Task directions |
Copy the first line of the entries below and every line after it through the line containing "These radios are". Do not include pictures.
Exercise materials START
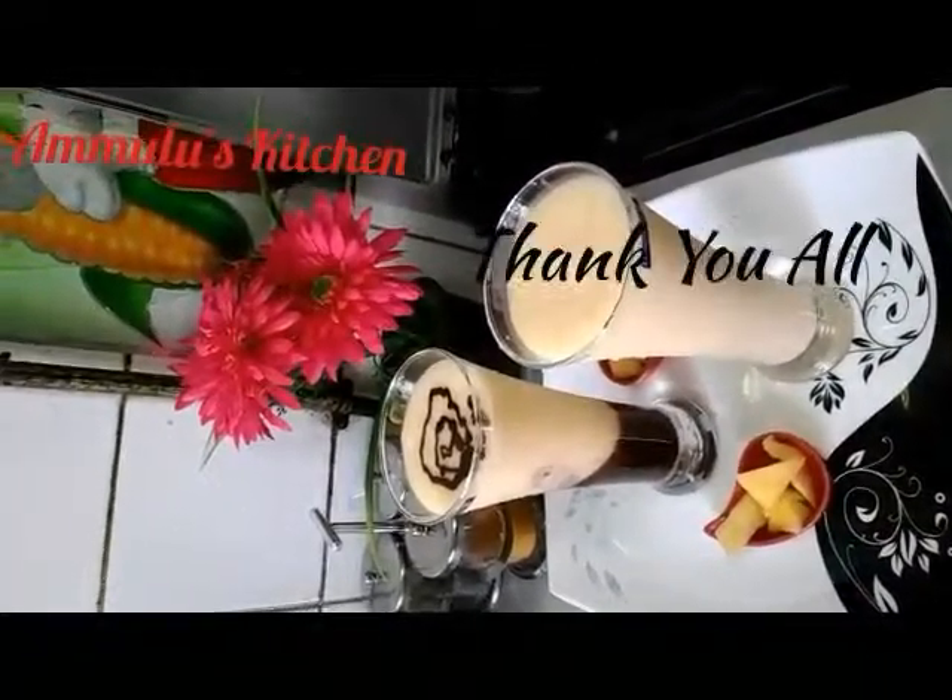I will add a recipe for this. Thank you so much for watching. Thank you so much.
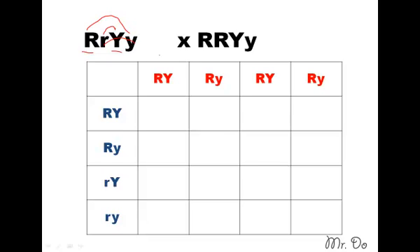Now for the second parent: we'll start with this R and this Y — there's our first one. Then we'll do the same R with the last Y — there's the second one. Then the third one: this R and this Y, and then this R with this Y. And there you have it.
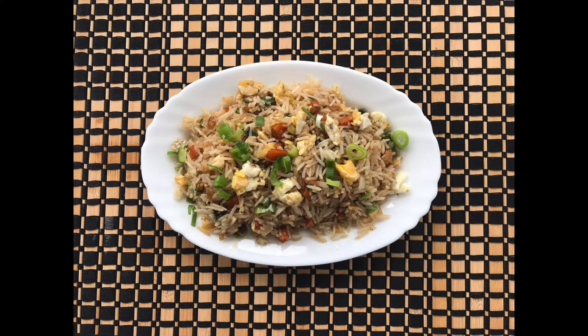Hi guys, welcome back to my channel, or welcome if you are new. Today I am bringing a new recipe for you guys — I'm going to show you how I make egg fried rice. This was a highly requested video so I thought I would finally share it with you all today.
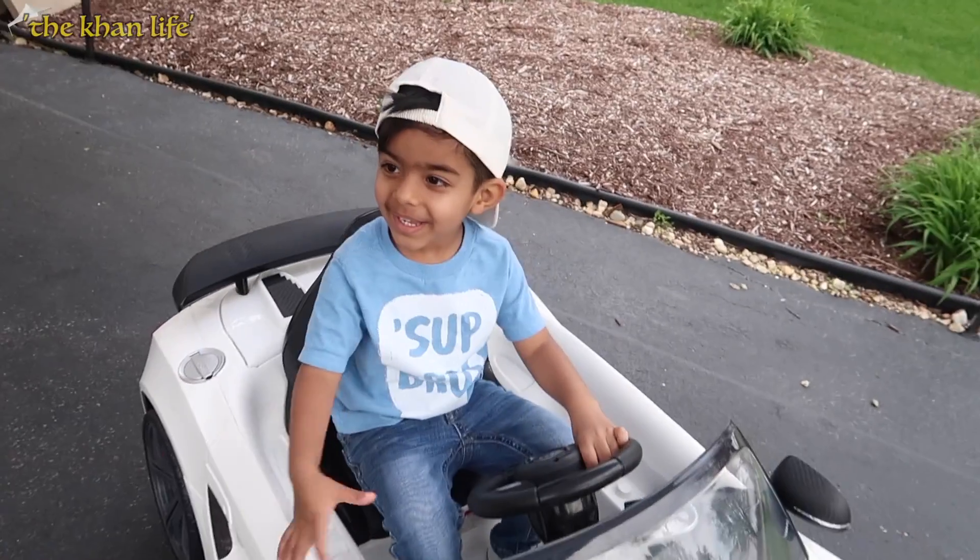Well, there you folks have it — the One Push Button Canopy by Best Choice Products. If you have any questions, be sure to put them in the comments below. Thanks for watching. Bye.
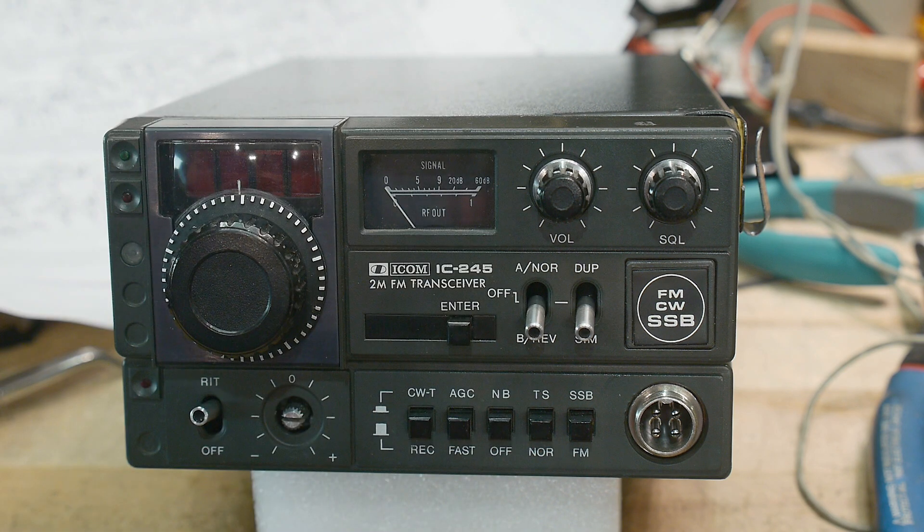These radios are notorious for having bad phase lock loops, and it might be possible to do a replacement — maybe put in a direct digital synthesis chip with an Arduino or something. I got it for 60 bucks with free shipping, so I thought that was a fair price for something that might be completely trash, but we'll try to do something with it.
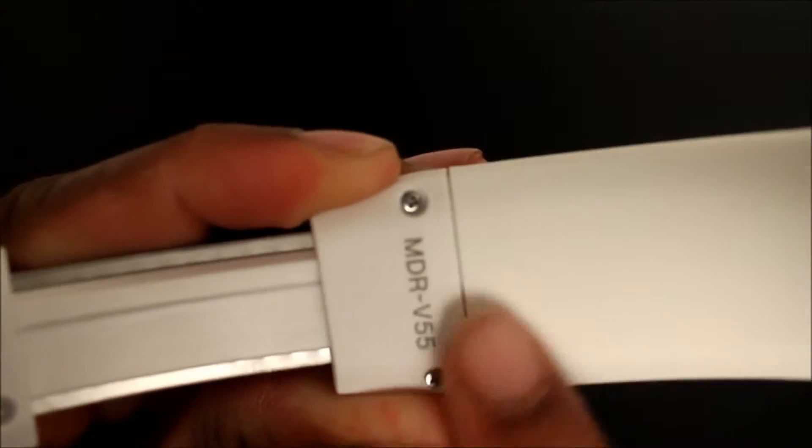If you guys look closely on the metal band, it has notches numbered from 1 to 10. I think that's very cool, and like I said I like that it's metal, not just plastic — I hate when they just put plastic. They got metal screws in there. This is the model of the headphones, so not just plastic.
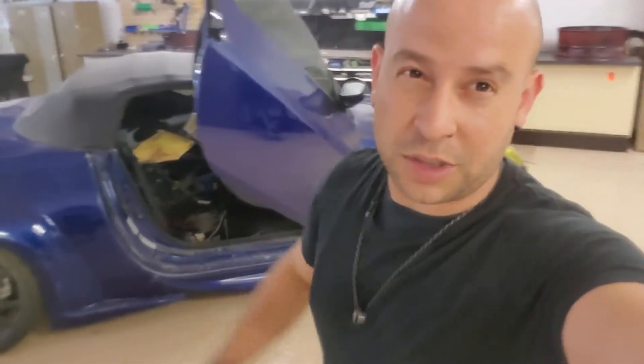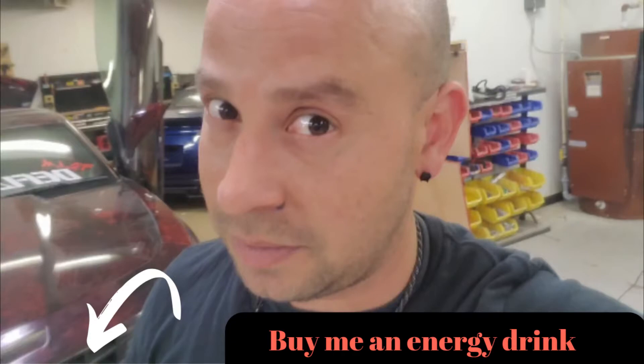One last thing — we now have an online store for car audio and custom car merch: some shirts with the YouTube channel name, and cool custom car quote stuff. If you love this stuff, why not wear a shirt that says so? There's a link below — check it out, support the channel, and that'll help us keep making these videos.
Exercise materials END
Output for this exercise |
I will add a recipe for this. Thank you so much for watching. Thank you so much.
Now for the second parent: we'll start with this R and this Y — there's our first one. Then we'll do the same R with the last Y — there's the second one. Then the third one: this R and this Y, and then this R with this Y. And there you have it.
Hi guys, welcome back to my channel, or welcome if you are new. Today I am bringing a new recipe for you guys — I'm going to show you how I make egg fried rice. This was a highly requested video so I thought I would finally share it with you all today.
Well, there you folks have it — the One Push Button Canopy by Best Choice Products. If you have any questions, be sure to put them in the comments below. Thanks for watching. Bye.
These radios are notorious for having bad phase lock loops, and it might be possible to do a replacement — maybe put in a direct digital synthesis chip with an Arduino or something. I got it for 60 bucks with free shipping, so I thought that was a fair price for something that might be completely trash, but we'll try to do something with it.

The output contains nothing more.